Data records:

•••••

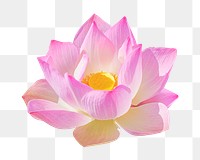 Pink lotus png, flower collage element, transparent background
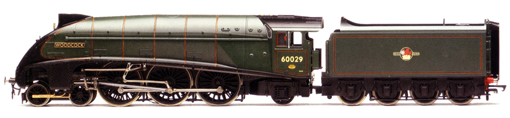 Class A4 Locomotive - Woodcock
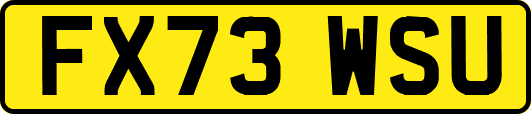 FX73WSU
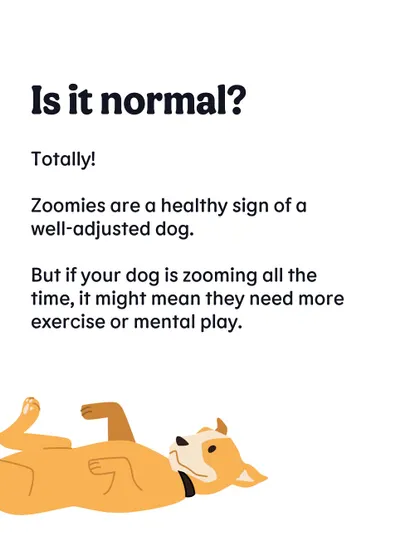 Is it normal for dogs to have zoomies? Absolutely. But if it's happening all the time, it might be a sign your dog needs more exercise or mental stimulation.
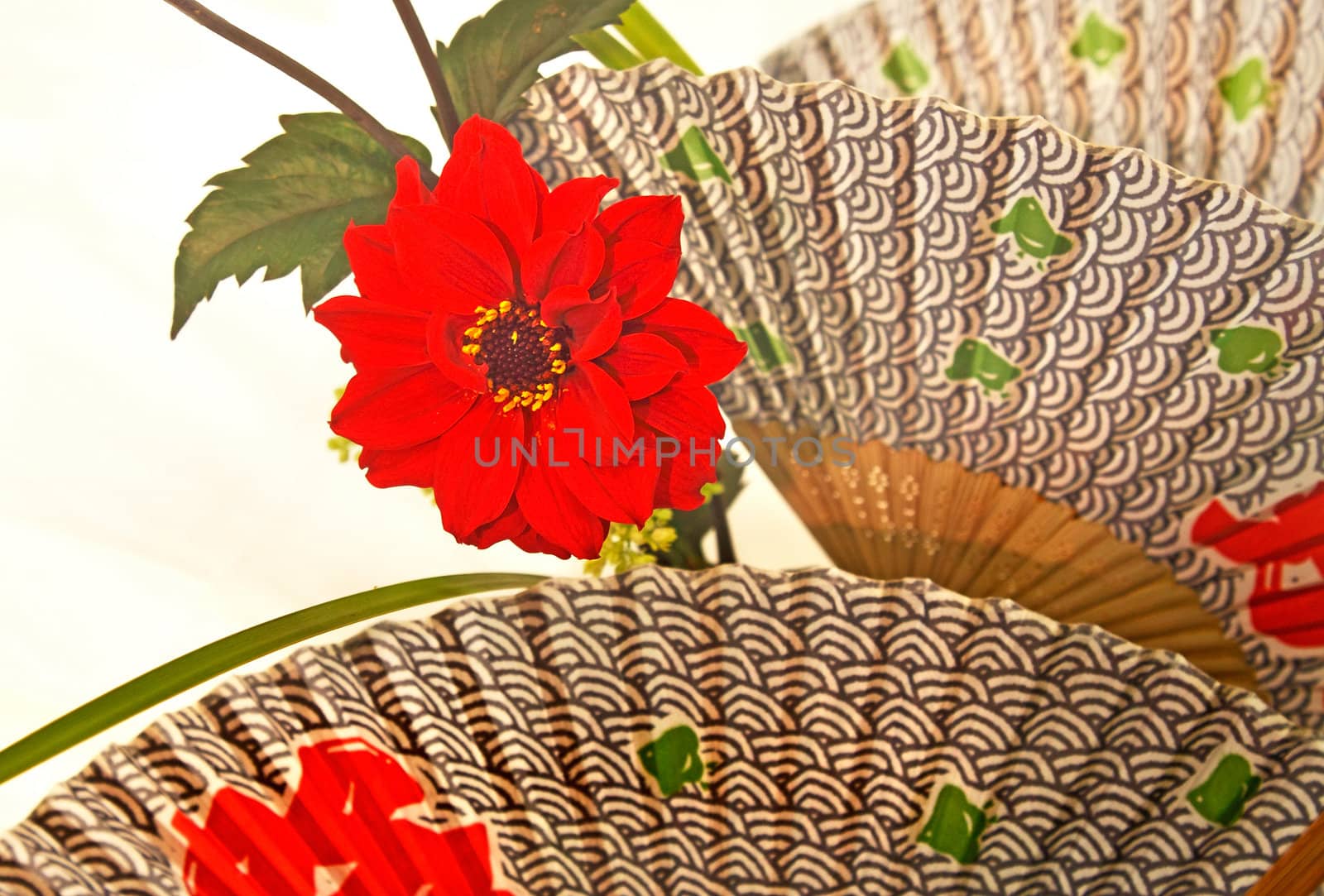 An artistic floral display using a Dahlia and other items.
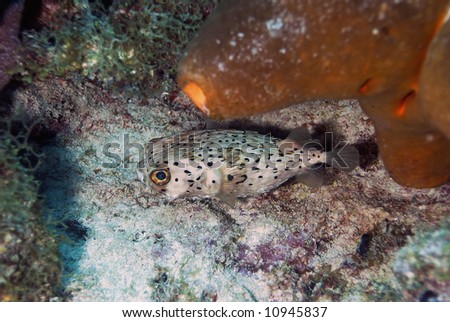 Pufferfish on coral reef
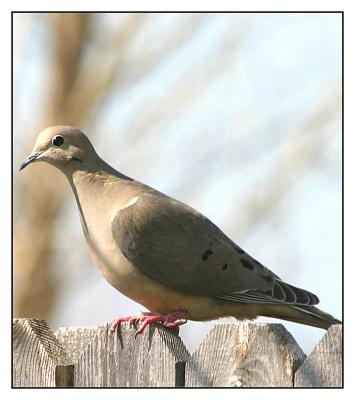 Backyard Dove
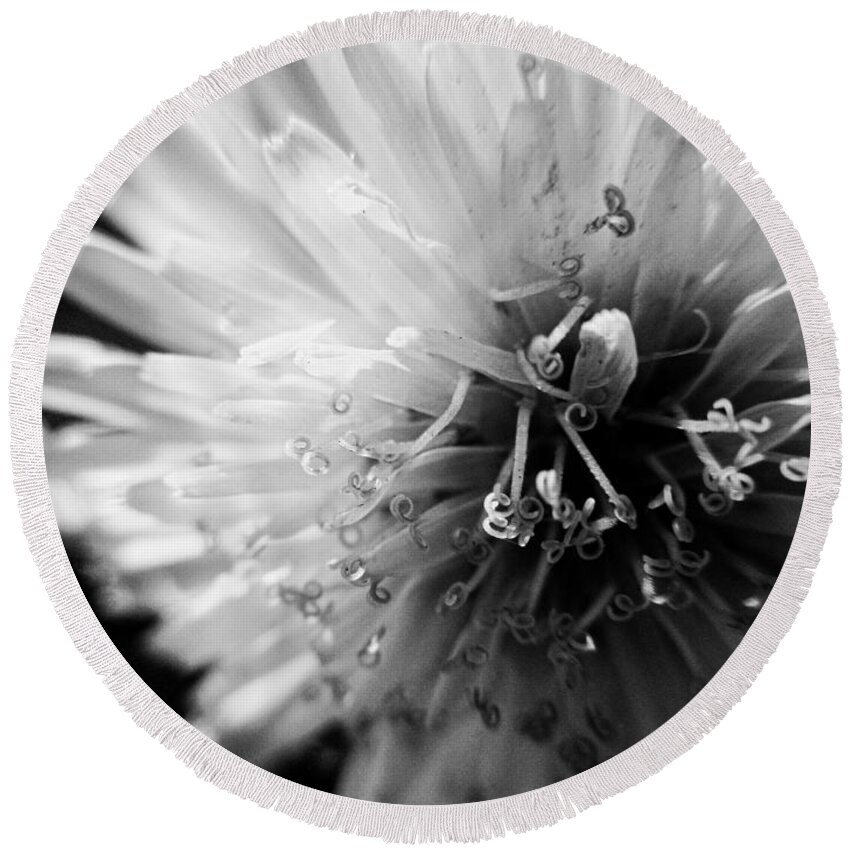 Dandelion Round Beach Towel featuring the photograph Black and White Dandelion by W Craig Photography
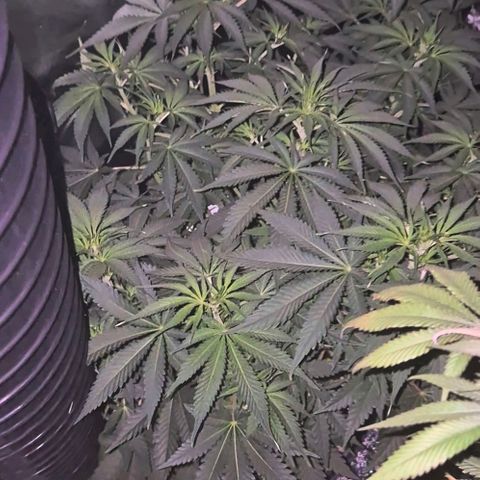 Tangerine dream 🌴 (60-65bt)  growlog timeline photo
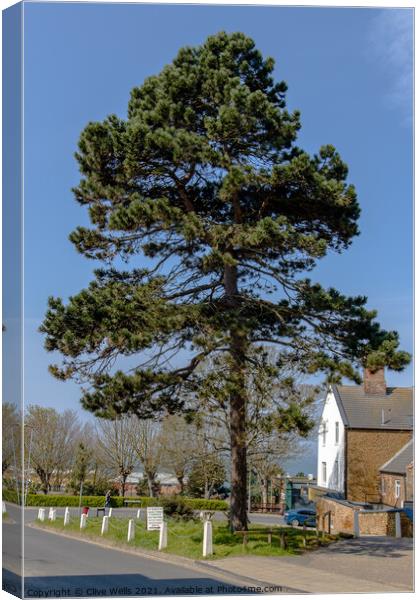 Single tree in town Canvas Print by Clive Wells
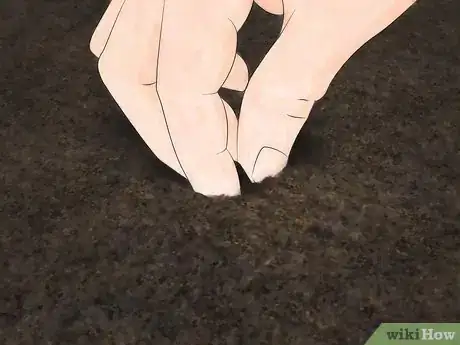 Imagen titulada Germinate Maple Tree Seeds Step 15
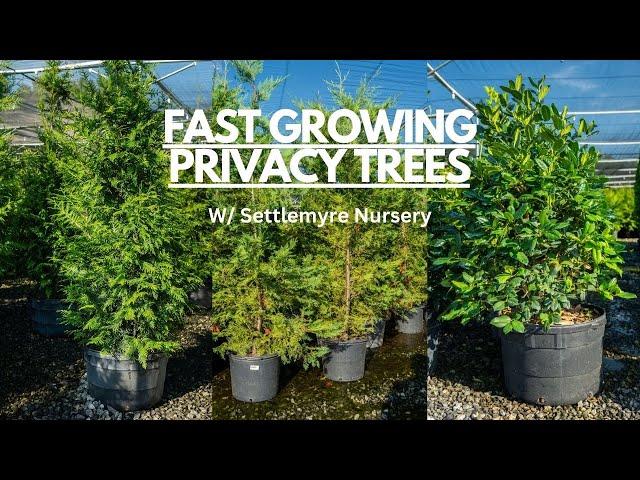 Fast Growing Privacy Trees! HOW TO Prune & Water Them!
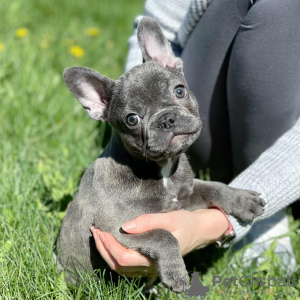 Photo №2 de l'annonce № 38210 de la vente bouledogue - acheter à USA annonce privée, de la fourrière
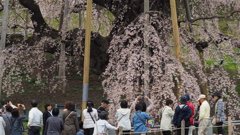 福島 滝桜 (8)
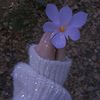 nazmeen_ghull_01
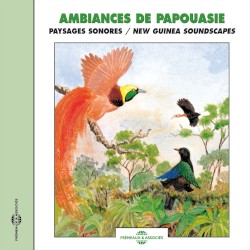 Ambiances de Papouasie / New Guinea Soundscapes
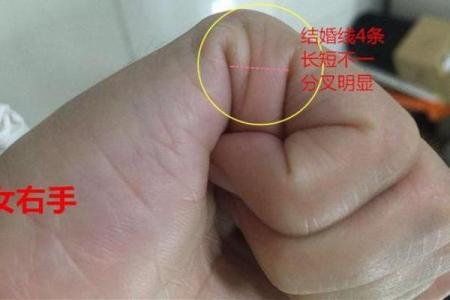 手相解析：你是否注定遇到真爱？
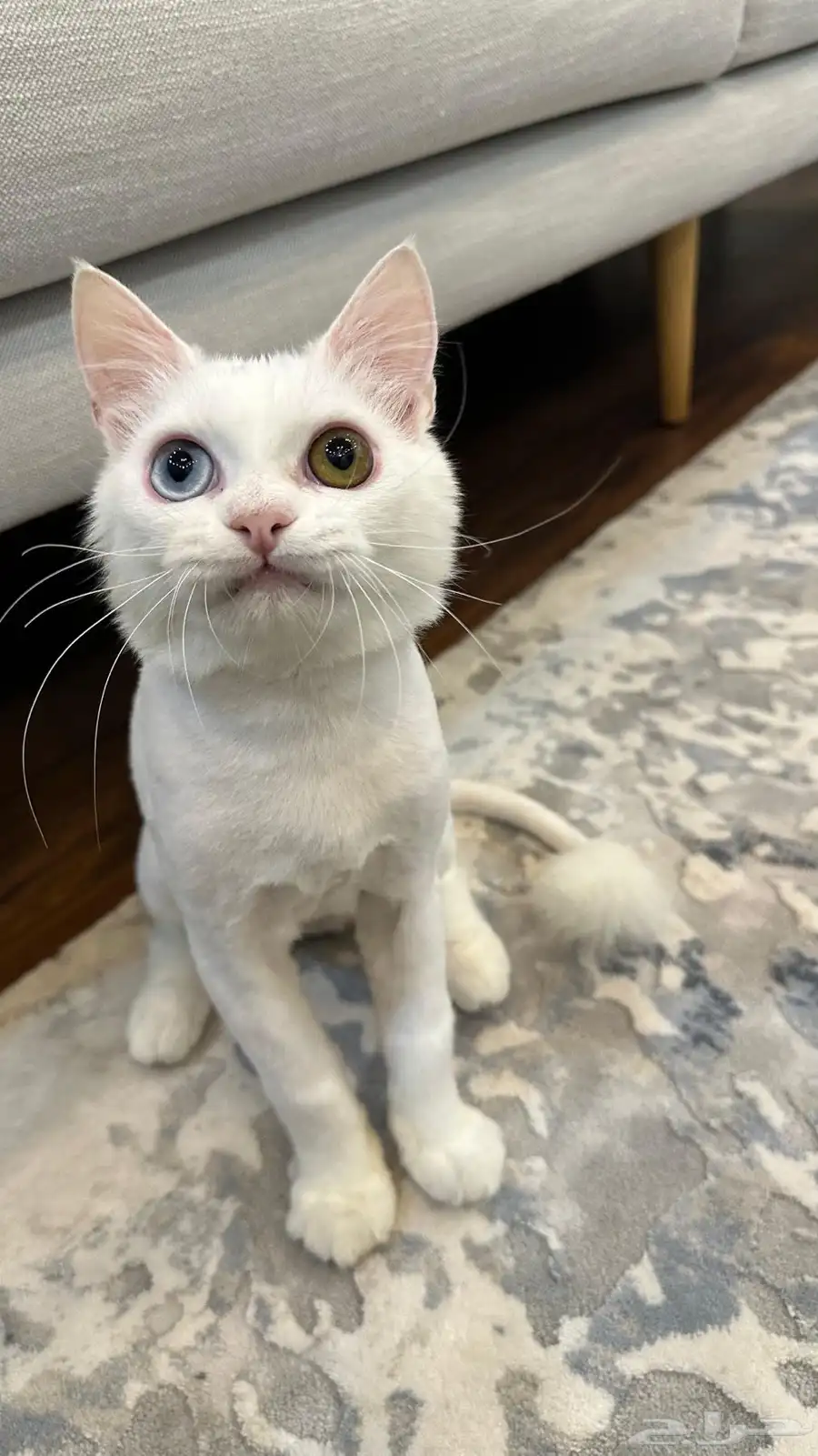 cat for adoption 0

•••••

* _Task description_
Output the records verbatim, every one of them, and keep the pictures out.

* _Answer box_
 Pink lotus png, flower collage element, transparent background
 Class A4 Locomotive - Woodcock
 FX73WSU
 Is it normal for dogs to have zoomies? Absolutely. But if it's happening all the time, it might be a sign your dog needs more exercise or mental stimulation.
 An artistic floral display using a Dahlia and other items.
 Pufferfish on coral reef
 Backyard Dove
 Dandelion Round Beach Towel featuring the photograph Black and White Dandelion by W Craig Photography
 Tangerine dream 🌴 (60-65bt)  growlog timeline photo
 Single tree in town Canvas Print by Clive Wells
 Imagen titulada Germinate Maple Tree Seeds Step 15
 Fast Growing Privacy Trees! HOW TO Prune & Water Them!
 Photo №2 de l'annonce № 38210 de la vente bouledogue - acheter à USA annonce privée, de la fourrière
 福島 滝桜 (8)
 nazmeen_ghull_01
 Ambiances de Papouasie / New Guinea Soundscapes
 手相解析：你是否注定遇到真爱？
 cat for adoption 0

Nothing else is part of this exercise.